Department of Gender Generalizations


Just read an Op Ed in the New York Times, by Catherine Pearson, called WHY IS IT SO HARD FOR MEN TO MAKE FRIENDS. I've developed a resistance to all articles that begin with the supposition that men are X or women are Y. I have felt as oppressed by these "new" opinions of gender as I have by their putative opposites. I believe the notion that men have a hard time making friends is false. I remember growing up in my mother's side of the family--my father was gone by the time I was six--and I observed what is now imagined to be the alienation of the sexes; e.g.; men in the kitchen drinking shots and women in the living room smoking and gossiping. In reality, their lives were so hard that the generalizations just don't work. I looked up Pearson's bio and found this: "Catherine grew up in West Hartford, Connecticut, and received her B.A. in English from N.Y.U. and a M.A. in journalism from Columbia. She lives in Brooklyn with her husband, two sons and a pandemic puppy, Annie." Clearly, she grew up in privilege and received an expensive education. Is social class an issue? I have come to believe it is, and I think so more daily as I discover that, in spite of my PhD, I'm also the kid who at 10 years old crawled around under a house my Uncle was building and cleared out all the wood chips and end cuts left by the framers. I lived for a while in Tennessee and Mississippi around carpenters and bean-farmers, and only later rejected my family and struck out on my own as a radical lefty. It is ironic that my grandfather, who'd no one would call a lefty, was a fan of Fidel Castro in his union days before he was injured on the job and retired with a pension.
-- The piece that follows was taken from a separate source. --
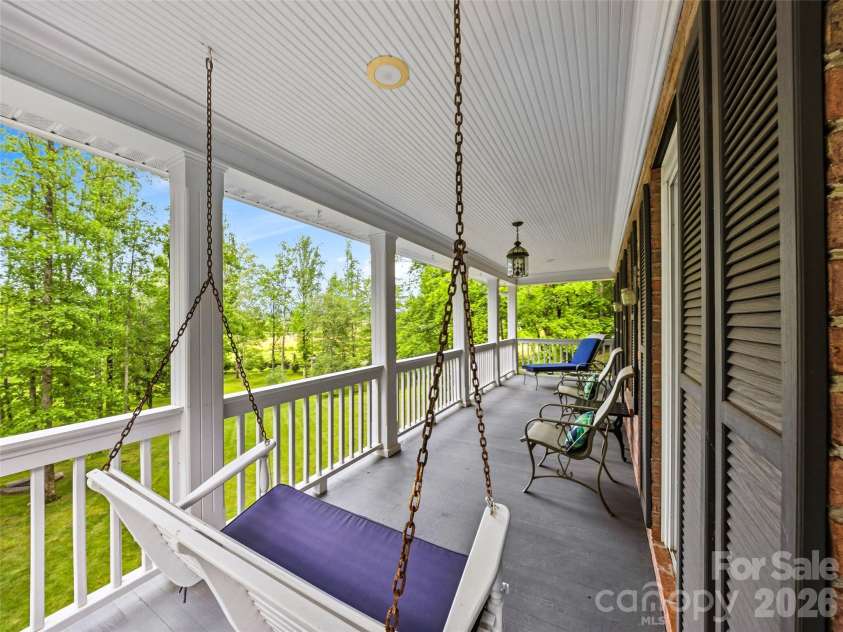243 Poplar Lane, Pisgah Forest, NC 28712.  MLS# CAR4386955, YatesRealty ID 27648. Upper level porch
I became a navy hospital corpsman in 1966 and was immediately transferred to the marines, as are most corpsman in war time. They were killing a lot of corpsman during the Vietnam War and I was sent over as a replacement where I was myself was wounded (blessedly lightly). I spent my days with marines who for the most part came from the same roots as my mother's family. I can tell you that it was a hard thing to do that, and it is a hard thing to do the other things working class men have to do; like crawling out under fire to keep a man from bleeding to death. These are things of which Catherine Pearson has only a concept. She could probably tell you all kinds of things about social class as they appeared in her sociology textbooks at Columbia. I am not being anti-intellectual here; I have PhD; I just maintain that there are different kinds of knowledge and I grew up with a foot in two different worlds.
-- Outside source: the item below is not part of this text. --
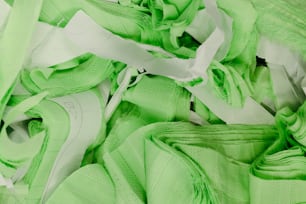 a close up of a pile of green shoes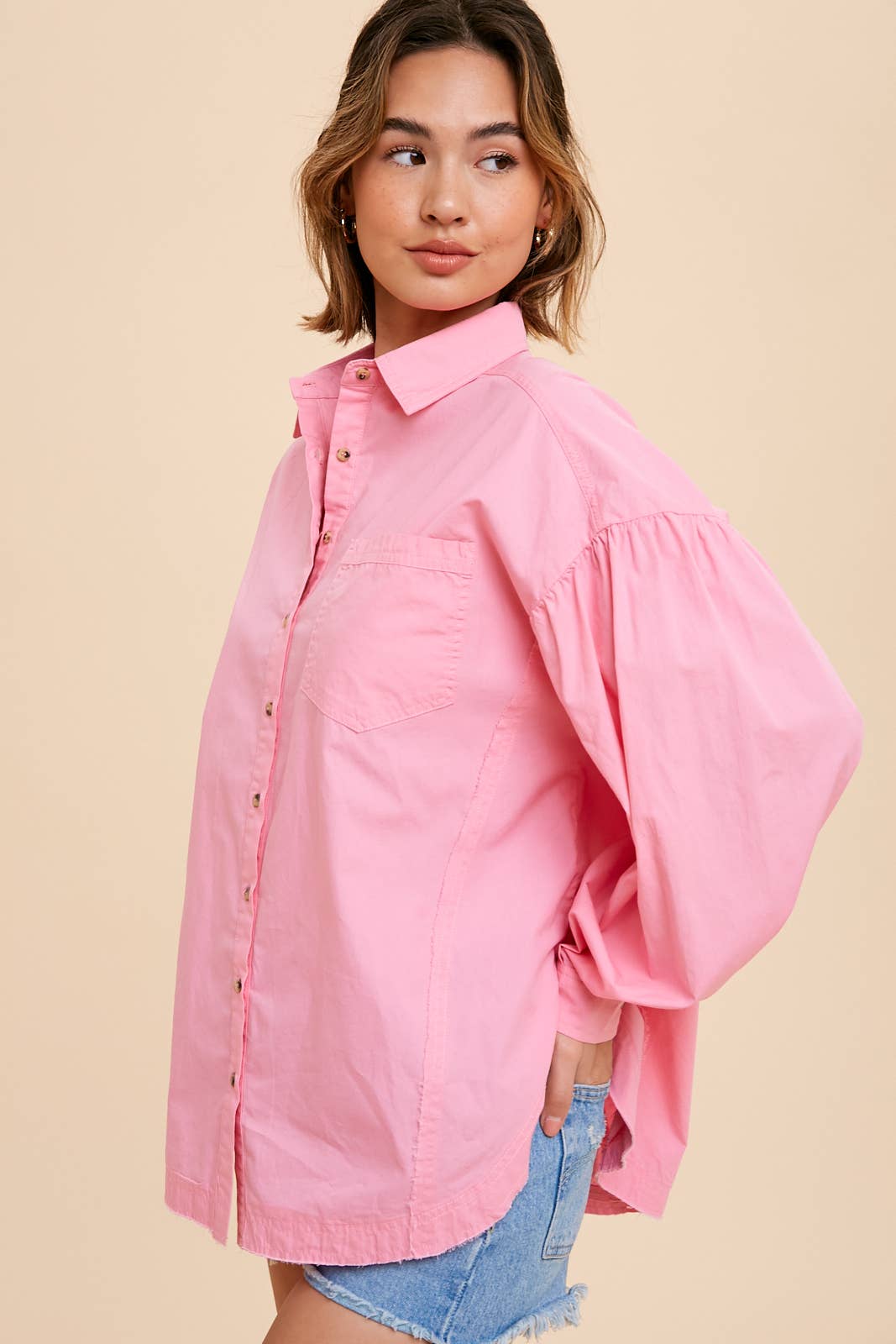 Tina Cotton ShirtIntroducing our Statement Sleeve Poplin Button Down, a versatile addition to your wardrobe. Crafted from a premium cotton blend, this shirt offers a perfect balance of comfort and style. The standout feature of this piece is its statement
By the way, in the countries where we fight our wars, women share the danger with men, and often take part in the fighting, either as support or actual combatants. In the last half century of getting to know the Vietnamese, including several who were on the other side during the war, I have heard very little disrespect about gender issues in the war; it was equally horrible for both. I'm thinking a shared existential experience might do more than anything to lessen the difficulties between men and women. If our democracy continues to disintegrate, or if the environment seeks revenge on a large scale, we may be presented with that opportunity.
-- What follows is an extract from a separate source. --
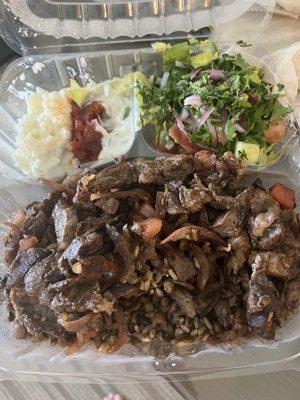 Lamb and beef platter with salad and garlic, fire, and tzaziki spreads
I will say that American men, because of the alienation of the sexes, have done much of the awful, violent chores in building our teetering democracy, and they have paid a terrible price for it. The friendships between men in these areas of duress appear on the surface to be stoic, laconic, and lacking in physical affection (the last is only true of w.a.s.ps, and not of Latinx or European men). In recovering my past, I've become a defender of men in ways that bridle against all the fashionable generalizations. And I also reject much of what I hear about women from men. Human beings growing their heart is as slow as any other kind of evolution. We have just discovered fire. We have the choice to burn things down or create light in an ancient dark.


I don't think men have as hard a time making friends as Pearson might suggest. I think the gendered styles of friendship are different, and the difference comes from a real place. I have come to resent the idea that one is better than the other.